TASK ITEM
Starting at the line that contains "Casa Adriana Villa Marbella Exterior photo", please transcribe every line through the end of the entries, exactly and with no pictures.

DATA FOR THIS EXERCISE
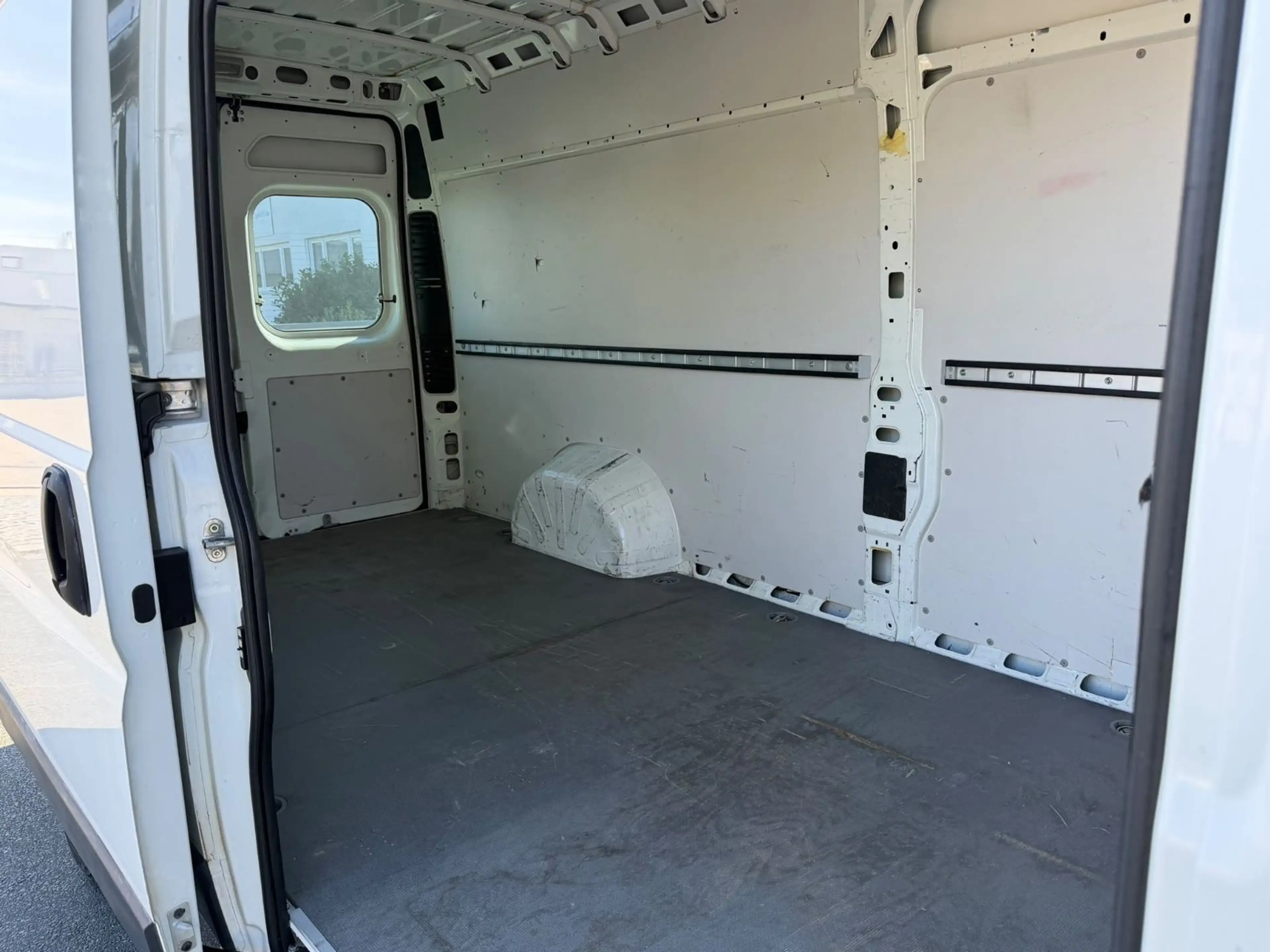 Citroen Jumper Kasten 35 L4H2 Business Klima Navi Kamera — photo 11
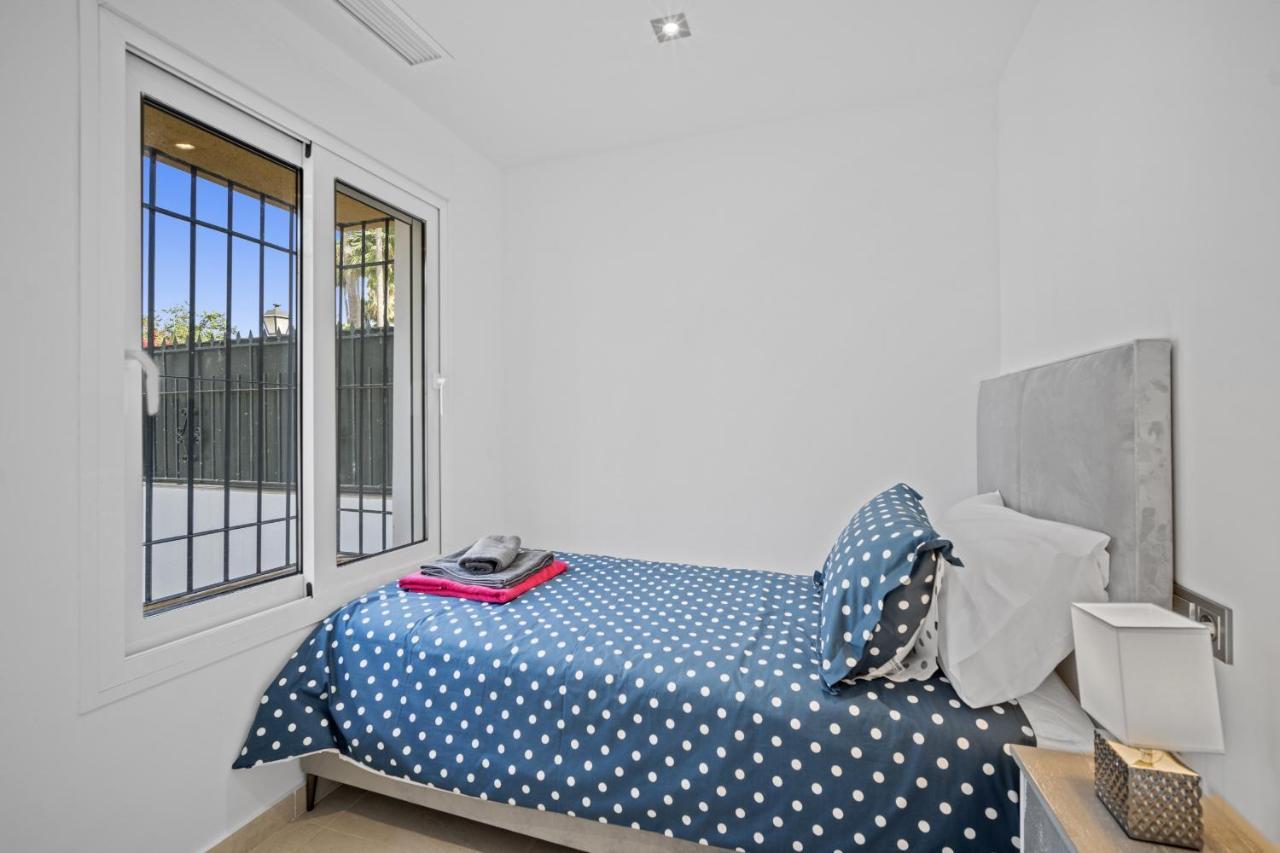 Casa Adriana Villa Marbella Exterior photo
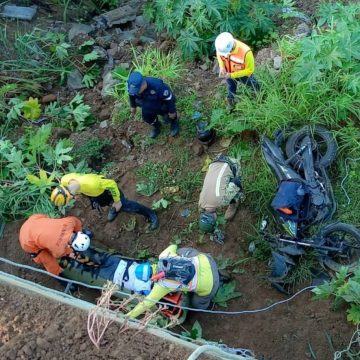 RESCATARON A MOTOCICLISTA QUE CAYÓ EN BARRANCO EN CARRETERA LOS CHORROS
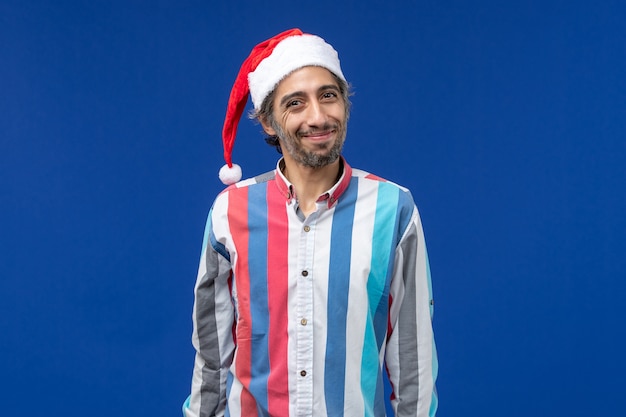 Бесплатное фото Вид спереди обычный мужчина с счастливым выражением лица, рождественский праздник санта-клауса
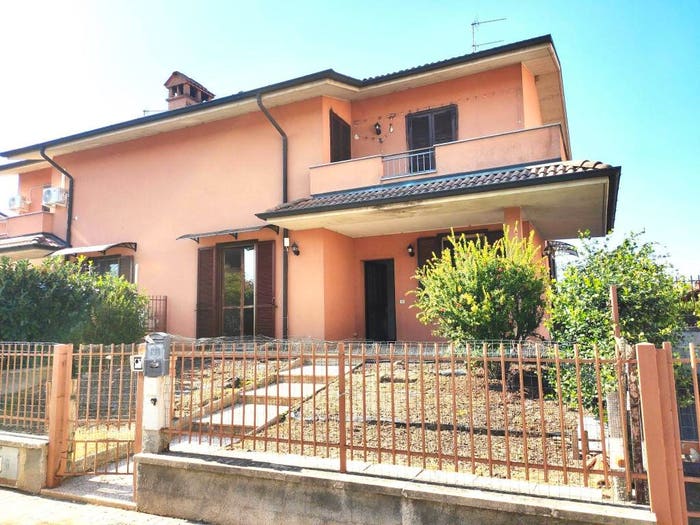 Casa quadrilocale in vendita in Via Sandro Pertini, Centro, Cura Carpignano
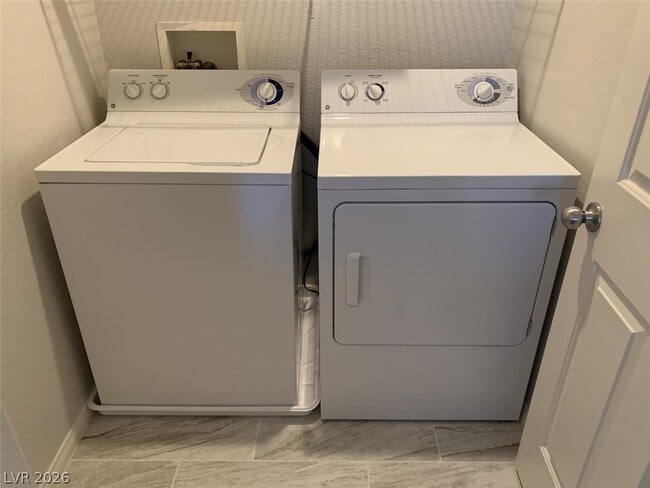 Building Photo - 5063 Lime Kiln Ave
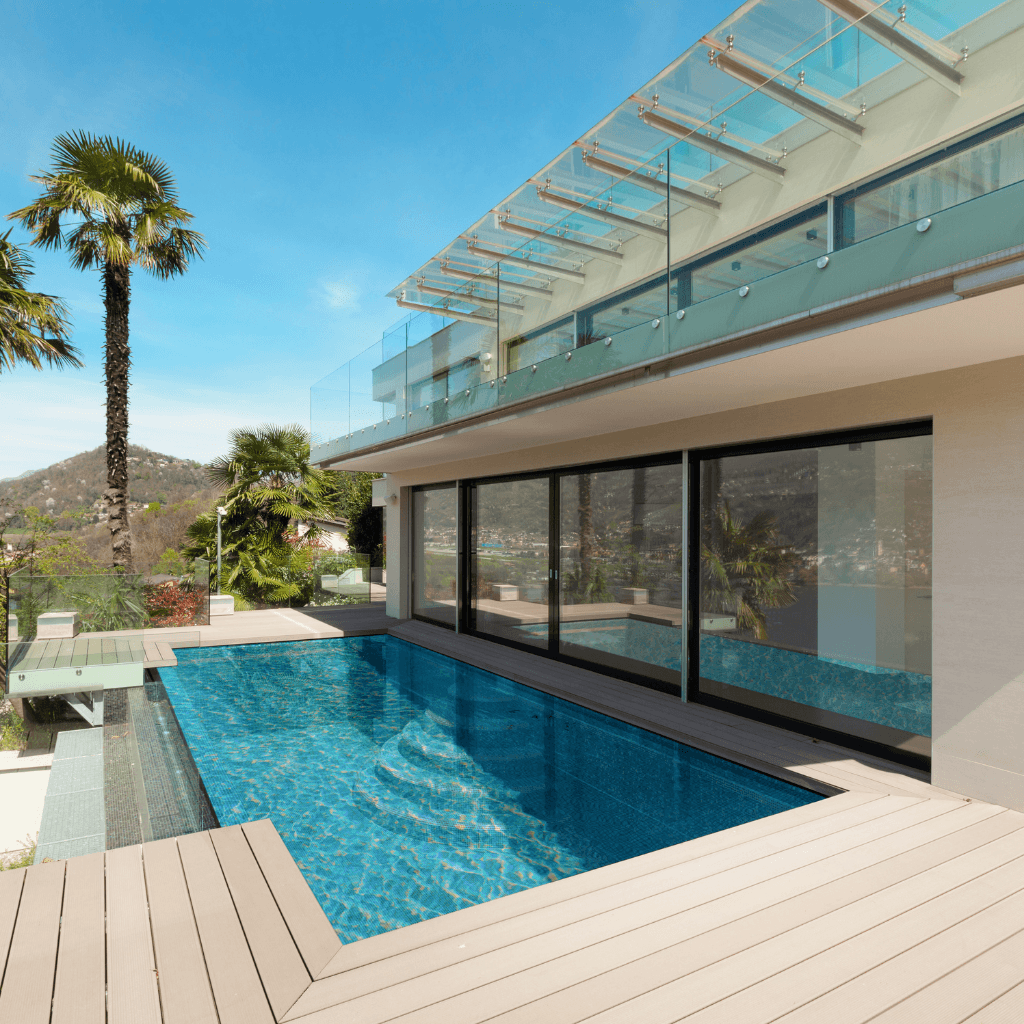 maison d'architecte avec piscine et terrasse bois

RESPONSE AREA
 Casa Adriana Villa Marbella Exterior photo
 RESCATARON A MOTOCICLISTA QUE CAYÓ EN BARRANCO EN CARRETERA LOS CHORROS
 Бесплатное фото Вид спереди обычный мужчина с счастливым выражением лица, рождественский праздник санта-клауса
 Casa quadrilocale in vendita in Via Sandro Pertini, Centro, Cura Carpignano
 Building Photo - 5063 Lime Kiln Ave
 maison d'architecte avec piscine et terrasse bois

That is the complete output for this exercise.